Methodists pursue unity with C of E
Methodists have agreed to pursue unity talks with the Church of England although some are unhappy with the Anglican church’s continuing obstacles to women’s ministry, accusing it of “institutionalized sexism.”
The Church of England’s General Synod voted for talks with the Methodists last November, after an invitation from the Methodist Conference in 1995. This year’s Methodist conference confirmed their interest in unity, though stopping short of a merger.
The secretary of this summer’s conference said the United Reformed Church must also be part of the talks and the Baptists, Moravians and Roman Catholics should be encouraged to participate.
Griswold explains RC communion
The presiding bishop of the Episcopalian Church in the United States has explained publicly why he received communion in a Roman Catholic Church in Manhattan in late April.

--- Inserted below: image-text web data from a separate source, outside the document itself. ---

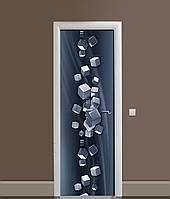 3Д наклейка на дверь Стальные кубы самоклеющаяся виниловая пленка ПВХ геометрия Абстракция Серый 650*2000 мм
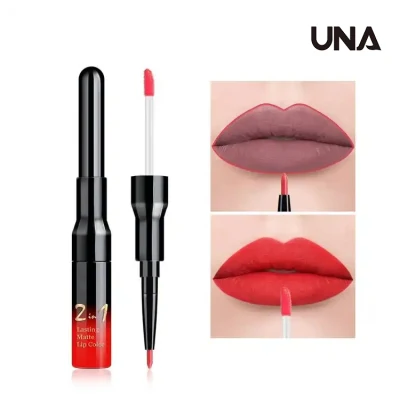 Hot Sale in Europe and America Makeup Cosmetics 2 in 1 Liquid Lipstick and Lip Liner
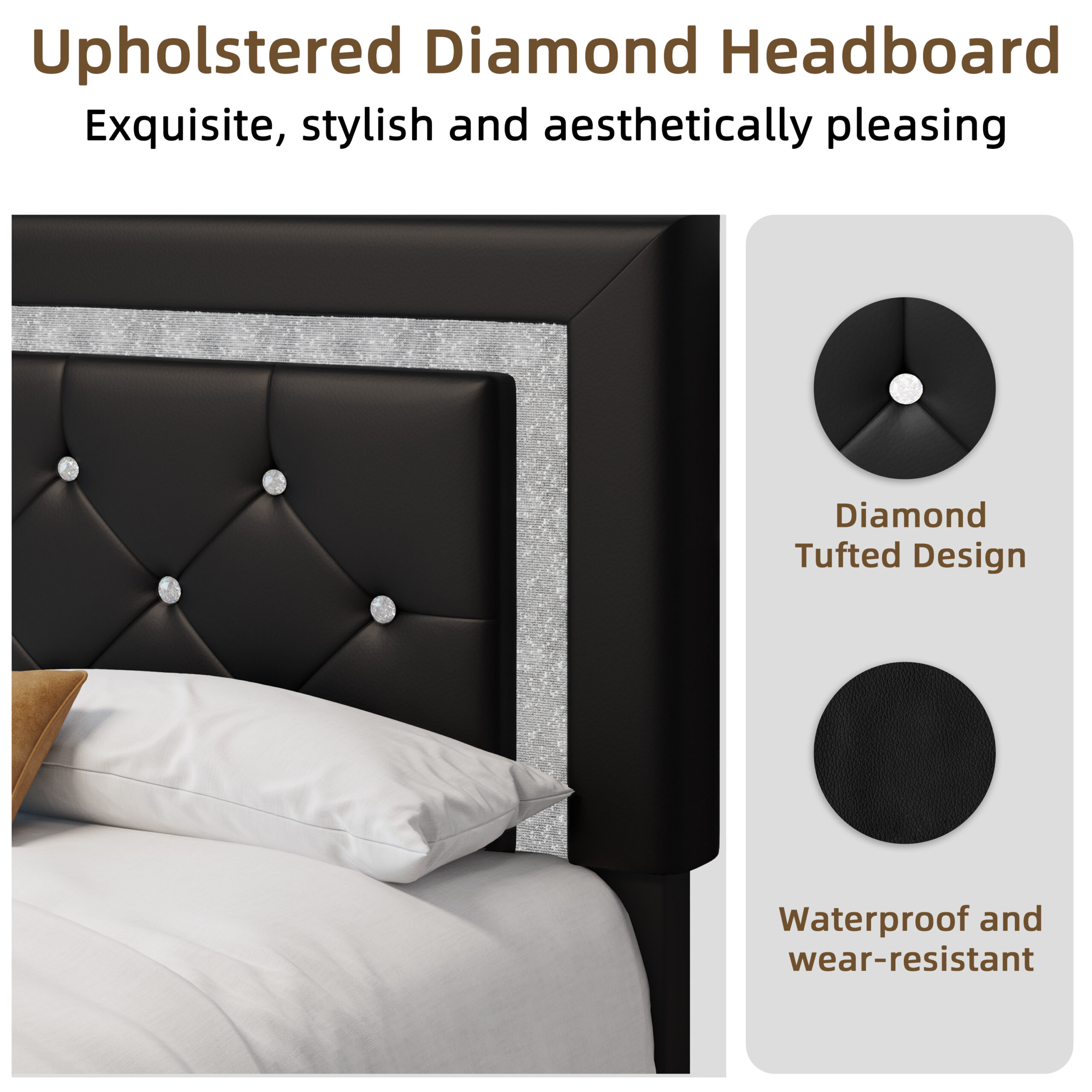Full Size Bed Frame with Headboard, Floating Bed Frame with LED Lights, Upholstered Platform Bed with Diamond Tufted Headboard, No Box Spring Required, Black Full Size Bed Frame with Headboard, Floating Bed Frame with LED Lights, Upholstered Platform Bed with Diamond Tufted Headboard, No Box Spring Required, Black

Bishop Frank Griswold stated that, exhausted after a day of presiding and preaching at an ordination in a cathedral, he wanted to spend his Sunday morning anonymously in a church.
“I just wanted to sneak off and be by myself and Jesus … and just not have to deal with the sort of public face of being the presiding bishop and all that entails,” he told an executive council meeting of the church.

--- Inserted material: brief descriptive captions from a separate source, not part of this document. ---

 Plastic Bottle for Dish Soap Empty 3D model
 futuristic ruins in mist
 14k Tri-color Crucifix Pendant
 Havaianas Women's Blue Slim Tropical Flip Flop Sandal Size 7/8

He and his wife visited a small nearby Roman Catholic Church on April 28. Bishop Griswold said he didn’t think taking communion would cause any scandal since he was not in clerical dress. But an Episcopalian apparently recognized and followed him and the story hit the papers.
The bishop says he now realizes “there are no off-stage moments, and I’m in a way grateful for that learning.”
Coincidentally, the Archbishop of Canterbury, George Carey, pleaded with the Roman Catholic Church to lift its ban on intercommunion when he preached April 26 in Luxembourg.
A memory for the Gospels
An Englishman has astounded his fellow parishioners by reciting the Four Gospels from memory.
It took David Bathurst, a 38-year-old magistrates’ clerk, 10 hours to perform the feat in Boxgrove Priory Church in Chichester in July. He took 10-minute breaks between Gospels and a half hour for lunch. Mr. Bathurst recited the Gospels without a single mistake, using hand gestures and pausing for effect.
“I wanted to put as much expression into it as I could, and to present the gospels in a novel and exciting way,” he said. His achievement also raised more than $3,000 for a local hospice.
Mr. Bathurst memorized Mark in 1993, Luke in 1996, John in 1997 and Matthew this year. It takes him 40 minutes to memorize 20 verses.
He had a few restless nights leading up to the performance. “I dreamed that I got to the end and realized that there was a new bit of the Gospels that I’d completely missed.” His next goal is to memorize the Acts of the Apostles.